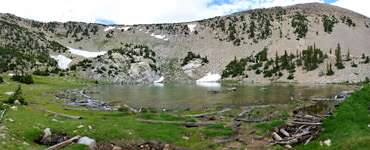 Shoreline of Johnson Lake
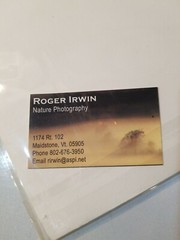 ROGER IRWIN OUTDOOR PHOTOGRAPHY PHOTOGRAPHER Moose Photo Photograph VERMONT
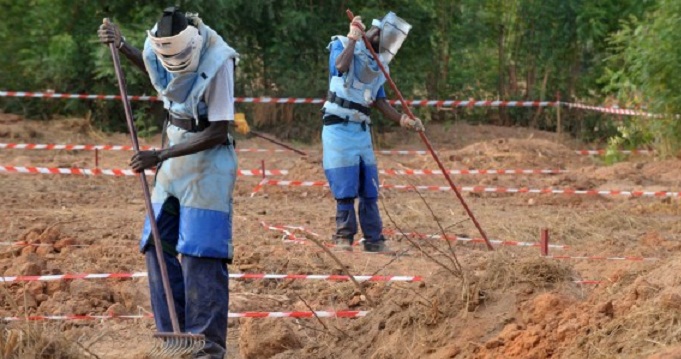 Des députés s'inquiètent de la rédudction du Budget de la lutte anti-mines en  Casamance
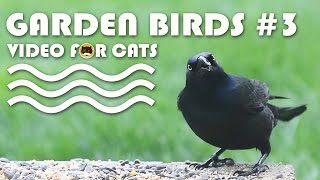 BIRDS VIDEO FOR CATS TO WATCH - Garden Birds #3. Common Grackle, Winged Blackbird, Sparrows, Doves.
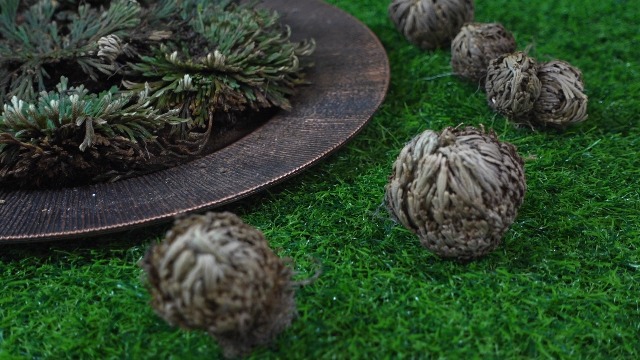 Nuanchu 12 Pack Rose of Jericho Planta de Resurrección Secada miniatura 7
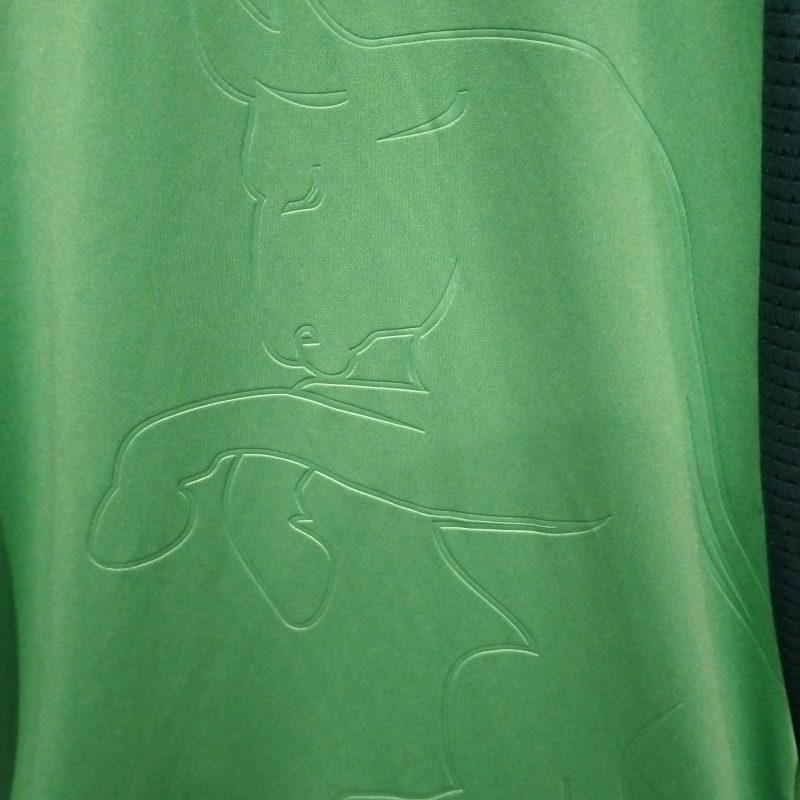 torino goalkeeper 2021 2022 joma chapecoense green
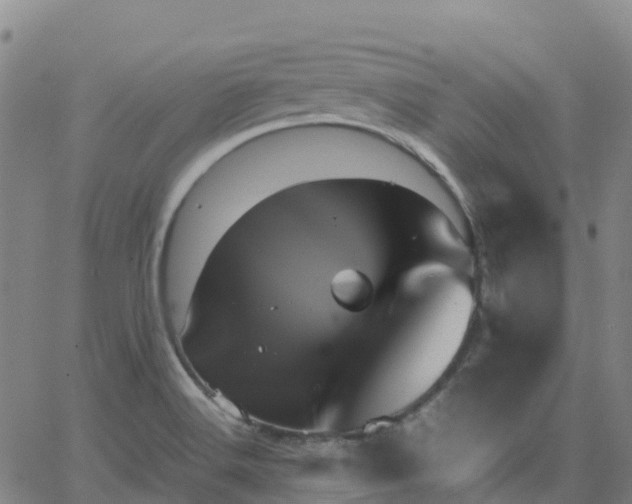 X0000062831516200601201600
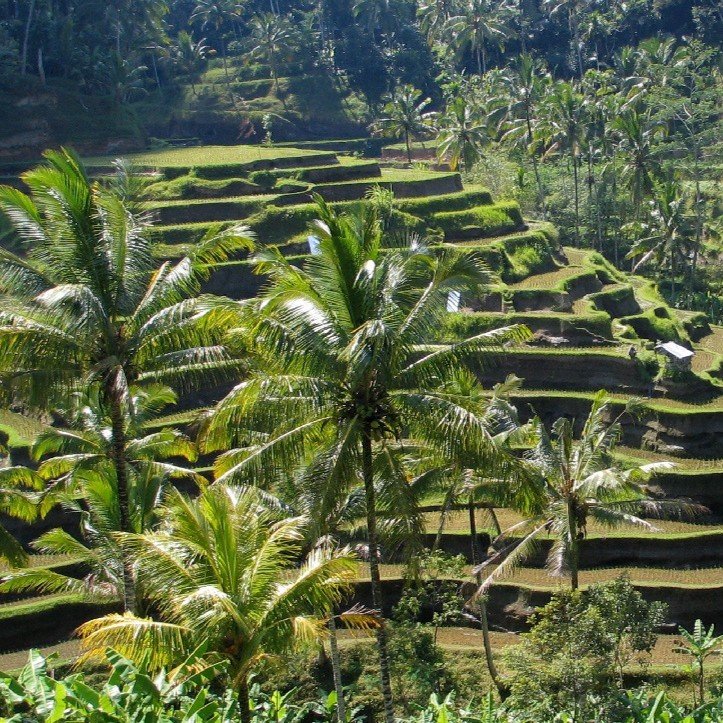 Natural Landscapes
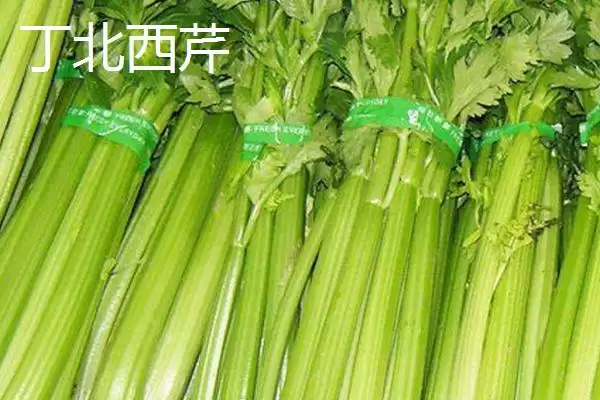 宁夏特产明星:灵武长枣成为中国国家地理标志产品的传奇插图4 宁夏特产明星:灵武长枣成为中国国家地理标志产品的传奇插图4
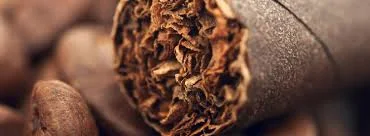 Cigar end.jpg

________________

#### Task objective:
Please set down only the lines from the one containing "Nuanchu 12 Pack" through the end of the entries, exactly as they stand, both ends included and with no pictures.

#### Task response:
 Nuanchu 12 Pack Rose of Jericho Planta de Resurrección Secada miniatura 7
 torino goalkeeper 2021 2022 joma chapecoense green
 X0000062831516200601201600
 Natural Landscapes
 宁夏特产明星:灵武长枣成为中国国家地理标志产品的传奇插图4 宁夏特产明星:灵武长枣成为中国国家地理标志产品的传奇插图4
 Cigar end.jpg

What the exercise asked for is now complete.